Yeah, its not hard to make a tree fall over and hit the ground. Once its on the ground however all bets are off...
I did storm cleanup work for many years and cut up hundreds of storm damaged trees that were in all sorts of precarious positions. Its *always* easier and safer to start at the top of the tree and work down, removing any limbs that would cause the tree to roll over. You never cut like that on a tree thats still elevated without first understanding the dynamics of the situation, especially when there is a second tree holding it in place. It appears that there was a skidsteer on site. That should have been used to pull the downed tree off whatever was holding it in the air before the guy even started cutting on the tree. Stupid really, no real training.


----------



## Cycledude (Aug 29, 2018)

Sad


----------



## derwoodii (Sep 1, 2018)

reads very similar to the vid below
tension dynamics are very hard to read even for experienced blokes, best have your escape cleared and planned when things get close quaters.. I really been enjoying using battery polesaw for hung up confined space storm dismantle work allows me to be that bit away from harm.. 
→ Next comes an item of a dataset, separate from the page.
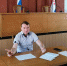 МЫ ДОЛЖНЫ СОЗДАВАТЬ УСЛОВИЯ ДЛЯ ПОДДЕРЖАНИЯ ПОРЯДКА - Ruzaevka-rm.Ru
_"The base of the tree was supported in the air by a large rock and a small tree. Ivy used his chainsaw to remove the limbs working his way from the base of the tree to the top. Ivy was on the uphill side of the tree when he cut and finished limbing the tree towards the top end. When the limbs were removed the base of the tree slid down the sloped rock approximately 5 feet hitting a small tree below causing the top section of the tree to swing uphill towards Ivy. According to the report, Ivy was pinned to the large boulder facing the tree in a standing position and was struck in the head and upper torso by the tree."_


----------